**DIRECTIONS:**
Could the records be returned exactly, with the pictures left out?

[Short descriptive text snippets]
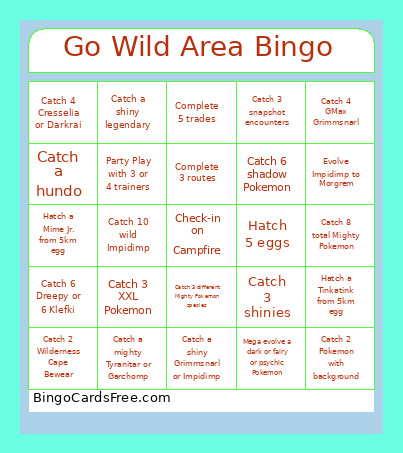 Go Wild Area Bingo Card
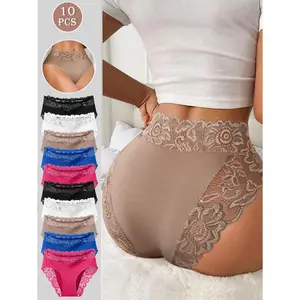 QUASTI 10 Pack Women's Mid Waisted Seamless Sexy Lace Briefs, Skin-friendly Hip Lifting Full Coverage Breathable Anti Roll Edge Panties, Multi Colored Minimalist Fashionable Elegant Daily Underwear, S-XXL, Style, Fabric, Smooth, Soft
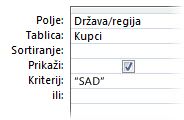 kriteriji upita za prikaz određenih riječi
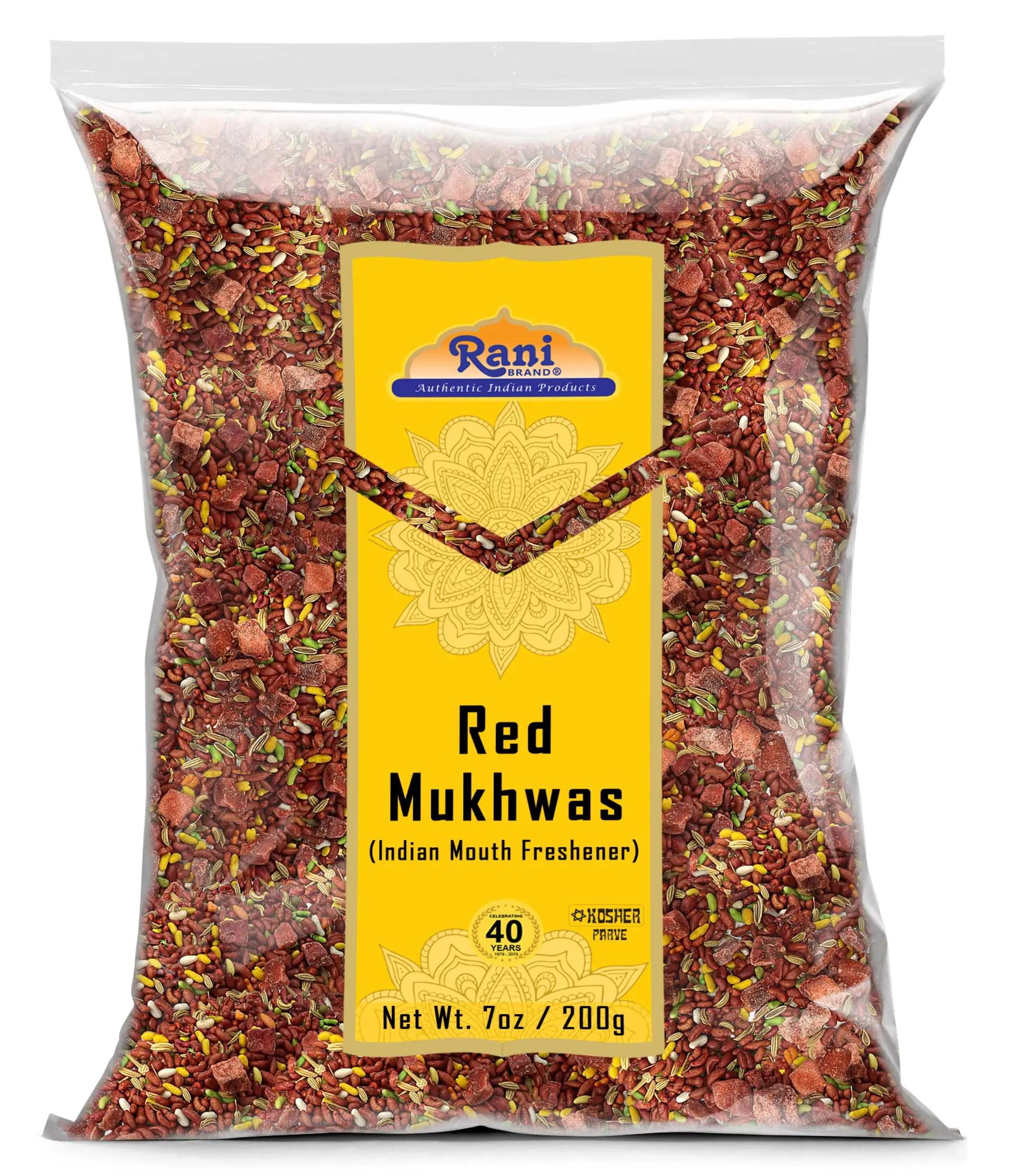 Rani Red Mukhwas (Special Digestive Treat) 7oz (200g) ~ Vegan | Indian Candy Mouth Freshener | Kosher
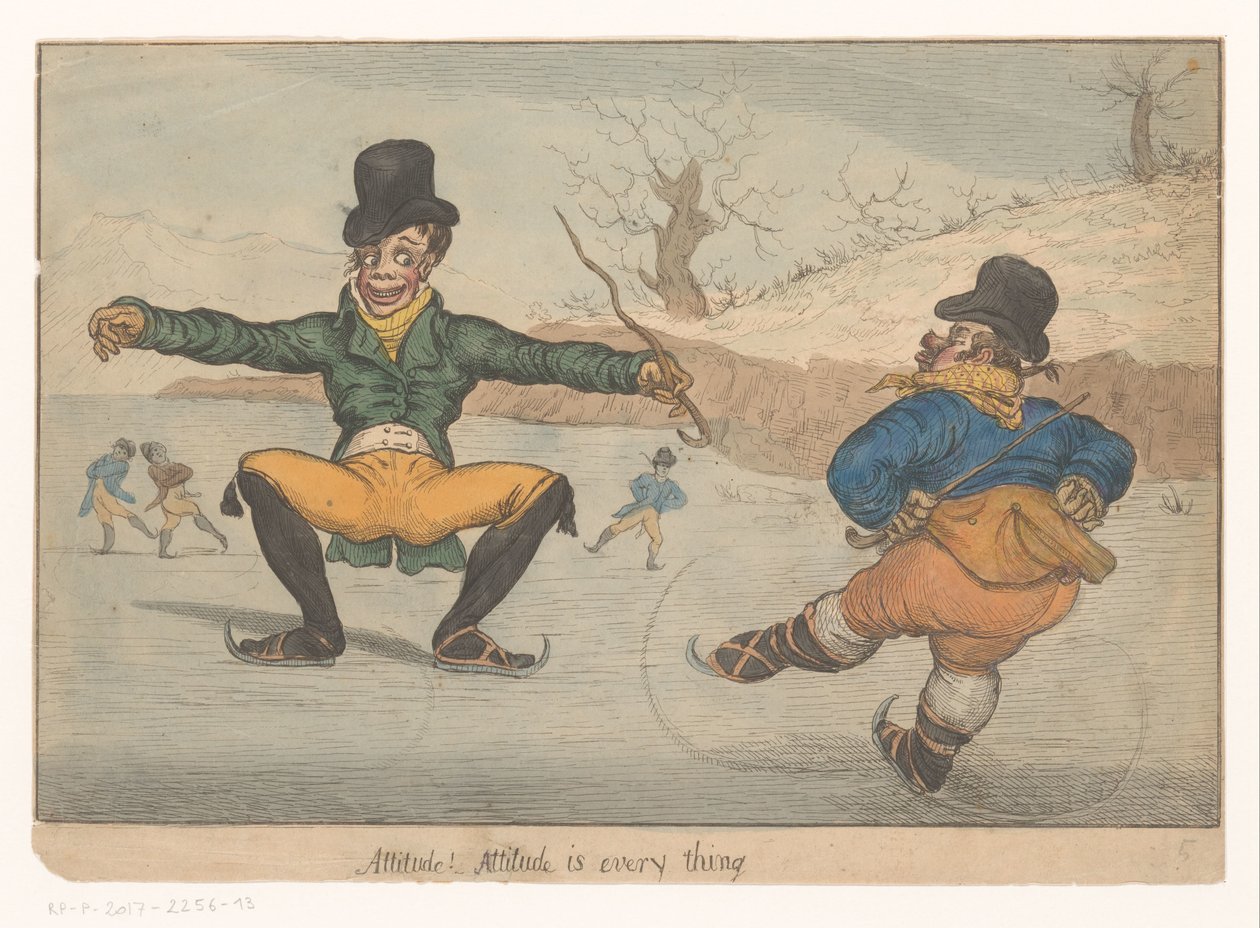 Spotprent met twee schaatsers door Anonymous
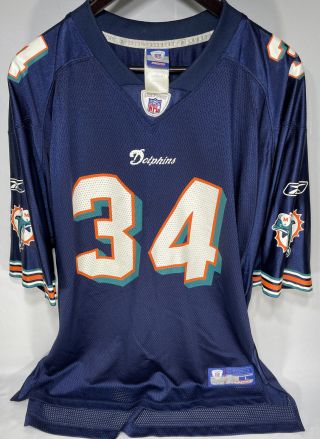 Vintage Ricky Williams 34 Miami Dolphins Nfl Blue Reebok Jersey Size Large Rare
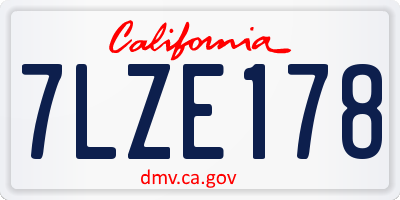 CA license plate 7LZE178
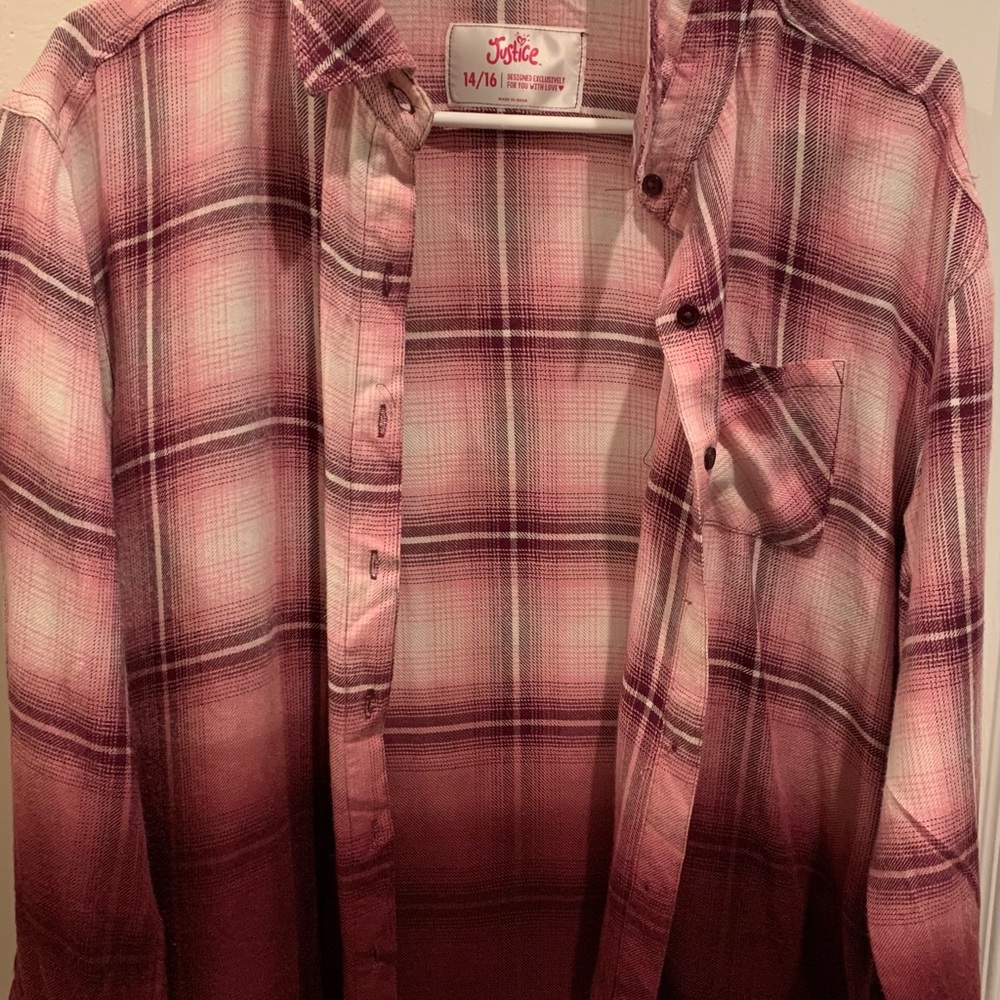Monochromatic pink plaid shirt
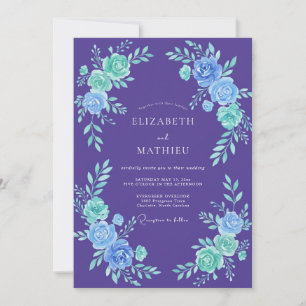 Violet Mint Painted Wedding Invitation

**ANSWER FOR THIS EXERCISE:**
 Go Wild Area Bingo Card
 QUASTI 10 Pack Women's Mid Waisted Seamless Sexy Lace Briefs, Skin-friendly Hip Lifting Full Coverage Breathable Anti Roll Edge Panties, Multi Colored Minimalist Fashionable Elegant Daily Underwear, S-XXL, Style, Fabric, Smooth, Soft
 kriteriji upita za prikaz određenih riječi
 Rani Red Mukhwas (Special Digestive Treat) 7oz (200g) ~ Vegan | Indian Candy Mouth Freshener | Kosher
 Spotprent met twee schaatsers door Anonymous
 Vintage Ricky Williams 34 Miami Dolphins Nfl Blue Reebok Jersey Size Large Rare
 CA license plate 7LZE178
Monochromatic pink plaid shirt
 Violet Mint Painted Wedding Invitation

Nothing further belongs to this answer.